When this bill was first introduced into the House, the Treasurer asserted that the government's position on the Medicare levy meant that it would be following the same practice that was adopted by the Gillard government. What he said was, 'I can't understand what has changed.' Let me tell you what has changed in the fifth year of this government. In 2013, wages growth was at three per cent, whereas now it has flatlined at around 1.9 per cent. We have underemployment and casualisation at an all-time high, stagnation in living standards, a diminishing number of apprenticeships and a housing affordability crisis, and the government's only plan to help battling Australians is to increase their income tax. Those opposite used to lecture us on a budget emergency. Yet, since then, the deficit has gone up by a factor of 10, and the gross national debt is projected to hit three-quarters of a trillion dollars. This is a government that has certainly moved off the notion of budget emergency, and it now wants to give us a new dose of hysteria in respect of an NDIS emergency.
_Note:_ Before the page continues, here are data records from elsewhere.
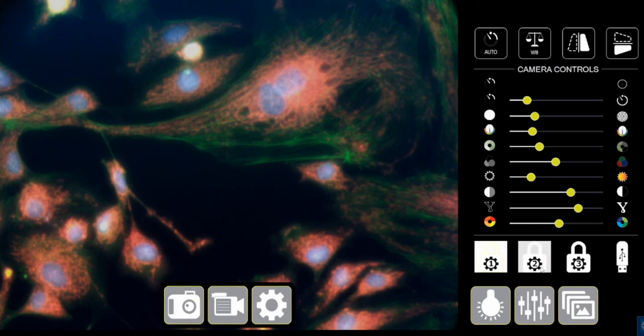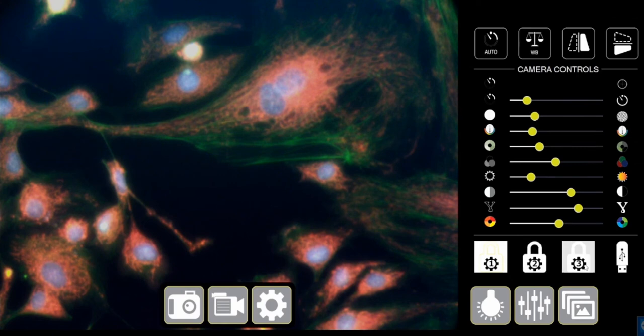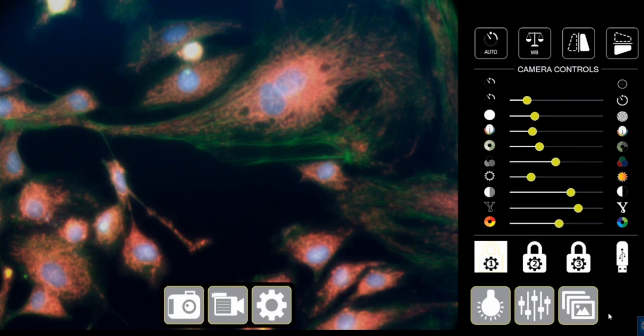So this comes in handy, basically, when you have multiple users or multiple samples that you're working with. You can preset the settings using the lock function here. And then, even you turn it off and turn it on again, you have the settings done.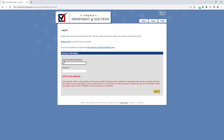Let's enter our username — that's our email address — and let's enter in our password, then log on.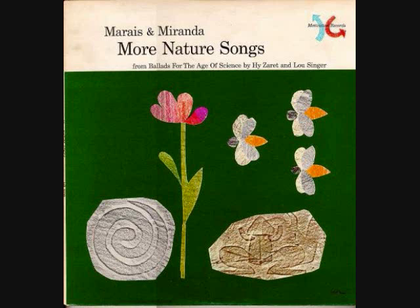Bees, butterflies and other animals wander from flower to flower in search of nectar. Pollen clings to them and is carried from one flower to another. This pollen changes the ovules in the flower into ripe seeds. Then the seeds are scattered in many ways and start new plants growing.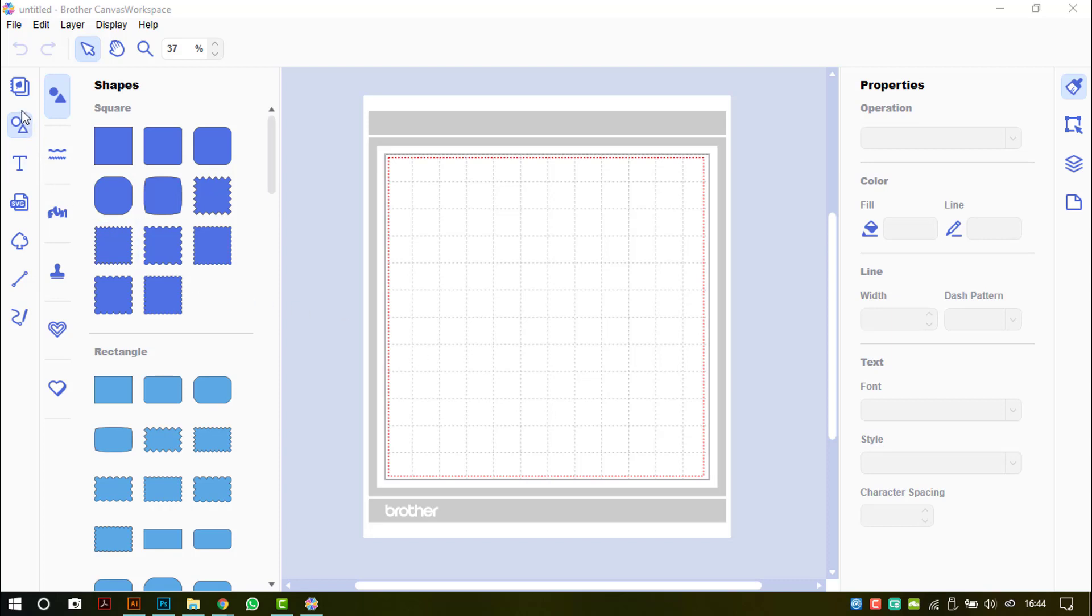The first change is over here on the top left-hand side of the screen where you have all of your tool icons that we have seen before. Right at the top, there is now a canvas project pattern collection icon.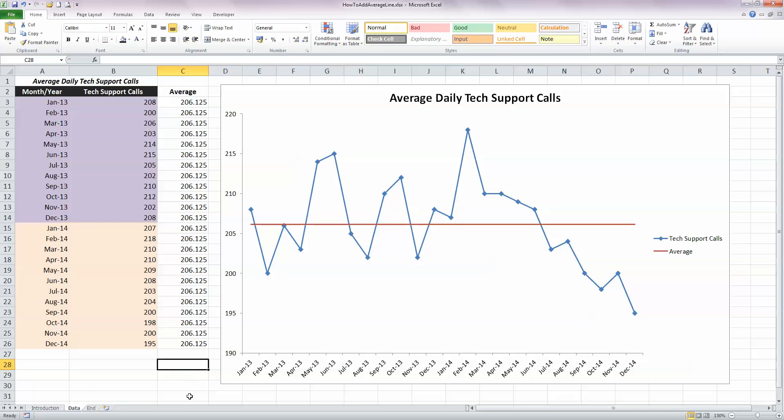So now I've got my chart finished, and I can see here which values are above average, and which values are below average, and I can use this in many quality control applications. So that's how you insert an average line on a line chart in Excel 2010. I hope you found this video useful, thank you for your attention.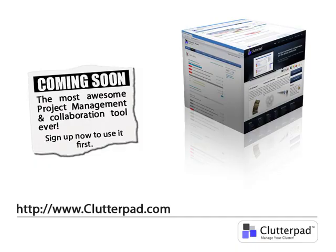Also sponsored by Clutterpad, an awesome online project management and collaboration tool. Sign up now and get a chance to use it at clutterpad.com.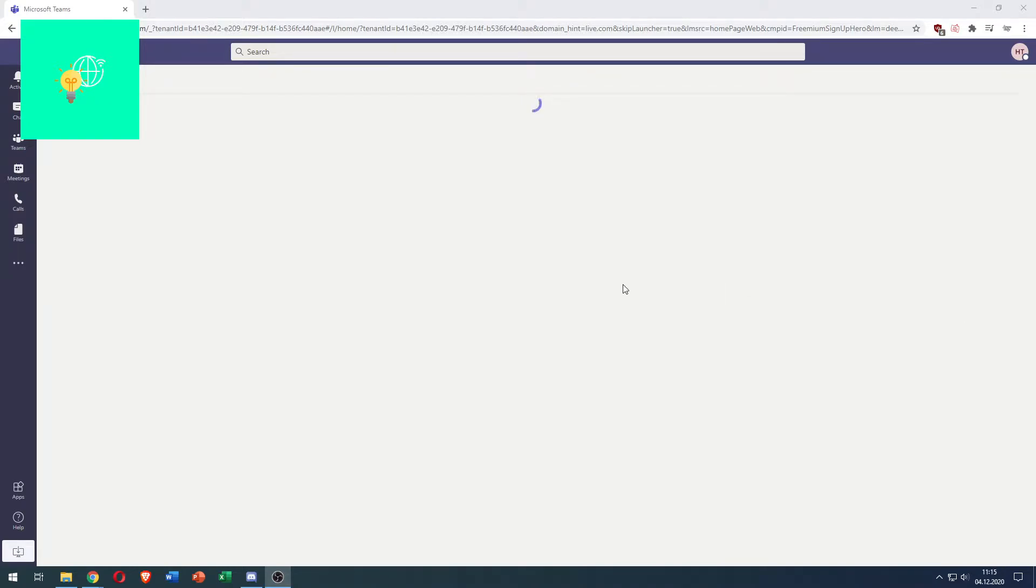In this video I'm going to show you how to change Microsoft Teams name in 2021 quick and easy.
I'm sure that, across the aisle here, they really know in their hearts of hearts that to give corporates, multinationals and big business a $65 billion tax cut with a default position to increase the tax for hardworking Australian families is not the right thing to do. But they are wedded to this notion of trickle-down economics. I suppose that, to some extent, we will wait for election day to work out what the Australian people think about trickle-down economics. It is not that I want to wish those on the other side well, but for the benefit of hardworking Australians and all those that actually need assistance, including low-income workers, I think they should revise their view of trickle-down economics and probably have a look at what Pope Francis had to say about that. He arrived at the conclusion that it has never been proven.

Labor have always taken an approach to fully fund the NDIS. We have a plan that will do that and continue to do that. Under Labor's plan, we will raise $4 billion more than the government proposed tax rise over the next 10 years by increasing the Medicare levy for those earning over $87,000 and by reinstating the deficit levy on those earning more than $180,000. I find it odd that the Prime Minister, when he wants to comment about the deficit levy, calls it a tax on success. I'm not sure what he means for those seven million Australians who would be affected by this bill who earn under $87,000. Does he refer to them just not being successful? Or, going back to a slightly earlier time, are they 'leaners', as Joe Hockey used to refer to them? I remind the government that Labor does not define Australian success by the size of your pay packet or what's in your wallet. A childcare worker, police officers—whom I had the honour of representing—or nurses might not earn $180,000, but they're still pretty successful in my book.

Recent research by the ANU shows that twice as many households will be worse off under the coalition's plan with respect to NDIS funding as under Labor's plan. Labor created the NDIS, and Labor is committed to fully funding the NDIS and supporting families and people with disability. I go back to the position of my grandson Nathaniel. As I said, I want the best outcomes possible for him. I want him to be able to reach his potential, which may be different from other people's views. We owe it to those that live with disabilities to give all the support possible.